Top of Provided material

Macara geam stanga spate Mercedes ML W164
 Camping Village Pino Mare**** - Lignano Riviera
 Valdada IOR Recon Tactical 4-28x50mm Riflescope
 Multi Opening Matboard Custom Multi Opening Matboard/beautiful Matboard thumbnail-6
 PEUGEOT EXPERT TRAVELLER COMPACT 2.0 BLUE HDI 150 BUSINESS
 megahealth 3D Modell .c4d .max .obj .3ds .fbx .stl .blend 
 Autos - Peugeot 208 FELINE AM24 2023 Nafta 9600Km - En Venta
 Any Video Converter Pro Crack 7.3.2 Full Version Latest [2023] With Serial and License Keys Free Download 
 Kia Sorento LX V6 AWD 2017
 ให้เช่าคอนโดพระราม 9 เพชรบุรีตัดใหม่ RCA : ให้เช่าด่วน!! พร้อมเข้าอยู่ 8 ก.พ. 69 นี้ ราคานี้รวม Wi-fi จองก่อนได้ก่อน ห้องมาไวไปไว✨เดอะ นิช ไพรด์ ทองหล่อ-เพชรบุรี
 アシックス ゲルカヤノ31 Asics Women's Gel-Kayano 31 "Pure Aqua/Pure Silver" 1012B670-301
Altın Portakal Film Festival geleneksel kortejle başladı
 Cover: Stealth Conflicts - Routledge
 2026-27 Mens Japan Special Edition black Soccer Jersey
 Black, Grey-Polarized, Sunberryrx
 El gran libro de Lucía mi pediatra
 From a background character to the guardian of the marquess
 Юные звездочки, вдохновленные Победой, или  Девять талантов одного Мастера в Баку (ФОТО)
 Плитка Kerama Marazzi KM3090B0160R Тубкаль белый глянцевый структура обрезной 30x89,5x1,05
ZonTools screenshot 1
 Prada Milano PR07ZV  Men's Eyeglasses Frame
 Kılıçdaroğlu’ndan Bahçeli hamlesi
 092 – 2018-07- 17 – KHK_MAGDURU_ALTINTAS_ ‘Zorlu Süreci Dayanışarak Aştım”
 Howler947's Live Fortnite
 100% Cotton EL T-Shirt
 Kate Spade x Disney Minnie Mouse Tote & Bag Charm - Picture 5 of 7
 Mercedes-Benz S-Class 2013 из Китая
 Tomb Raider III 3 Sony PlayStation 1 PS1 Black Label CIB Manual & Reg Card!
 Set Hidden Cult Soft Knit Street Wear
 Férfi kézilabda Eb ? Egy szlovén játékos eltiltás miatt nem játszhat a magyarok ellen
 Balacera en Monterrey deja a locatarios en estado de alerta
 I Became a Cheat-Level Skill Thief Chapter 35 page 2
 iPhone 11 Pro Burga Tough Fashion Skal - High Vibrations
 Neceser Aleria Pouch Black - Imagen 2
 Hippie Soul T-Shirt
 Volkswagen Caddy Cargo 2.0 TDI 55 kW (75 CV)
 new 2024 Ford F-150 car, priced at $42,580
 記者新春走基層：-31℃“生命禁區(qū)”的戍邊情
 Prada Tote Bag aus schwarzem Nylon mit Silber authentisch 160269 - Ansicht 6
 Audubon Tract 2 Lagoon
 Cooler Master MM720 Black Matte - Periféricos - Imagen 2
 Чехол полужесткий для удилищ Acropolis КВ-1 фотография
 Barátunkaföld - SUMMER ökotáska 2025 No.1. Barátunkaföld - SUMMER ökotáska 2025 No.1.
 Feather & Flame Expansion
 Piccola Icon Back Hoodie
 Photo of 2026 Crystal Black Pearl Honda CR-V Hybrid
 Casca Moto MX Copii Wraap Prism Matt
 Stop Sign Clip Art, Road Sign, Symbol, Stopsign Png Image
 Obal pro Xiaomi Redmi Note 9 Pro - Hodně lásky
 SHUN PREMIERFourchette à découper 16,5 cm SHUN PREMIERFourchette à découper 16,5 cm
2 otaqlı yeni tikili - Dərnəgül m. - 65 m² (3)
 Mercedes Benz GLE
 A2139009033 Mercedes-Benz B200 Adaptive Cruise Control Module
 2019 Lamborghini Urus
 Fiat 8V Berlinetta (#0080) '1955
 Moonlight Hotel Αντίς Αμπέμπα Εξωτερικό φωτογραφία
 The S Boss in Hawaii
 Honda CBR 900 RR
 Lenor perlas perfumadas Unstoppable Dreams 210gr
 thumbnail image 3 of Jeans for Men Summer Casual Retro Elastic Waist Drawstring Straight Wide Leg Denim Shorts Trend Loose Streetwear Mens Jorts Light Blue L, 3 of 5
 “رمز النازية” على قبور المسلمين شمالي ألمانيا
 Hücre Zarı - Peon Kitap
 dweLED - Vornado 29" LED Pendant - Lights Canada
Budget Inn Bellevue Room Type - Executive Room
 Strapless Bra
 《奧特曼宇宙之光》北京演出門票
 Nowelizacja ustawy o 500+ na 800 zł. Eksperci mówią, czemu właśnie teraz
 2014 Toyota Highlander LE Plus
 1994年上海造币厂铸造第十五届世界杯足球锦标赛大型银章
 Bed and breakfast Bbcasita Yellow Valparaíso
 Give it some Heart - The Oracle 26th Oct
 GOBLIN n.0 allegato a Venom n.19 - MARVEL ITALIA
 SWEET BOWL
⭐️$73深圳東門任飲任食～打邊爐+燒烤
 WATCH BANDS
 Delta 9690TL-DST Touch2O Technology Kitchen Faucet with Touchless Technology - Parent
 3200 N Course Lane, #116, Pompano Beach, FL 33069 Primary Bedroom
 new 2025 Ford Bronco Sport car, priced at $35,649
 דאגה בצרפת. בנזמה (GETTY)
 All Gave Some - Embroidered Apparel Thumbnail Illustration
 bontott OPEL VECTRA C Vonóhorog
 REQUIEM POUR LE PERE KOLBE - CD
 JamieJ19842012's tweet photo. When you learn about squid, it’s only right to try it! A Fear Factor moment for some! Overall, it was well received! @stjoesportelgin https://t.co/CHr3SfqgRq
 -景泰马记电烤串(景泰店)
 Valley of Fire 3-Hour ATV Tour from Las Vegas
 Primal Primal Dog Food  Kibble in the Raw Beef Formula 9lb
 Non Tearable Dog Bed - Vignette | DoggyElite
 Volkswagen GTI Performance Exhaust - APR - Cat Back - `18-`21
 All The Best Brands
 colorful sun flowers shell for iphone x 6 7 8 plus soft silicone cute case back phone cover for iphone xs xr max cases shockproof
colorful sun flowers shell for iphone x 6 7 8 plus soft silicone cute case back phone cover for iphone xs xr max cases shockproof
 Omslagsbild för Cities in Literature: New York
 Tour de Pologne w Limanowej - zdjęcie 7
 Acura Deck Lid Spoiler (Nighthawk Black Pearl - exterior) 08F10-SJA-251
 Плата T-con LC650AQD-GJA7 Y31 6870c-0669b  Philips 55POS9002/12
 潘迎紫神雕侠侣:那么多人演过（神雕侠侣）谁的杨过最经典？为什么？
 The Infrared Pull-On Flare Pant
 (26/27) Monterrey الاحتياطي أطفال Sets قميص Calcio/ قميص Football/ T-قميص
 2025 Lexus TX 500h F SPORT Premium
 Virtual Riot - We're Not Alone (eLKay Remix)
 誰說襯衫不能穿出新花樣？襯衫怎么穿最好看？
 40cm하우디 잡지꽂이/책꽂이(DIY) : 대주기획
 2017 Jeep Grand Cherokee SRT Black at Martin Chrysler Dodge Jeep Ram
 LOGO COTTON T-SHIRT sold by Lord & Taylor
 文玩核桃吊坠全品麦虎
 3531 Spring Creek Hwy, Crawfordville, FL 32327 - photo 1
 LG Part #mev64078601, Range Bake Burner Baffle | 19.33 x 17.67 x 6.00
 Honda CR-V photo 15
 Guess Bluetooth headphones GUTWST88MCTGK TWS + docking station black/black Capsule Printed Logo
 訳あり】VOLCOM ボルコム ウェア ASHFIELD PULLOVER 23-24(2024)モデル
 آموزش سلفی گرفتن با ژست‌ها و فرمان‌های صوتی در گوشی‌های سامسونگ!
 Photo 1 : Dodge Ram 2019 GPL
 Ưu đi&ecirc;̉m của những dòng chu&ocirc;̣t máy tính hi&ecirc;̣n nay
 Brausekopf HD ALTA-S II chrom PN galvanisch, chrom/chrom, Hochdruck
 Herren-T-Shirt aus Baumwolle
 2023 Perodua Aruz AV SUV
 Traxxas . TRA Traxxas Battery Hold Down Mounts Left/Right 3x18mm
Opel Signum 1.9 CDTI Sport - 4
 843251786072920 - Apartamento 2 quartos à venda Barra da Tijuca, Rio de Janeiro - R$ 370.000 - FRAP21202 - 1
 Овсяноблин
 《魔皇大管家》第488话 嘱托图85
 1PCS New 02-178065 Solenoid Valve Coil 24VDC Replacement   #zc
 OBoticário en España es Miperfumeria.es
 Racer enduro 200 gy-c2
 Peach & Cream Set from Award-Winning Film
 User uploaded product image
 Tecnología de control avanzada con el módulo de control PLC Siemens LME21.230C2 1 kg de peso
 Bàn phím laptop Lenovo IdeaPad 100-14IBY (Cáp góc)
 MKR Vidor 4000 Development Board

Bottom of Provided material

__About this exercise__
Could you tally the lines in the data that contain the string "Benz" and answer with the number alone?

__Expected answer__
3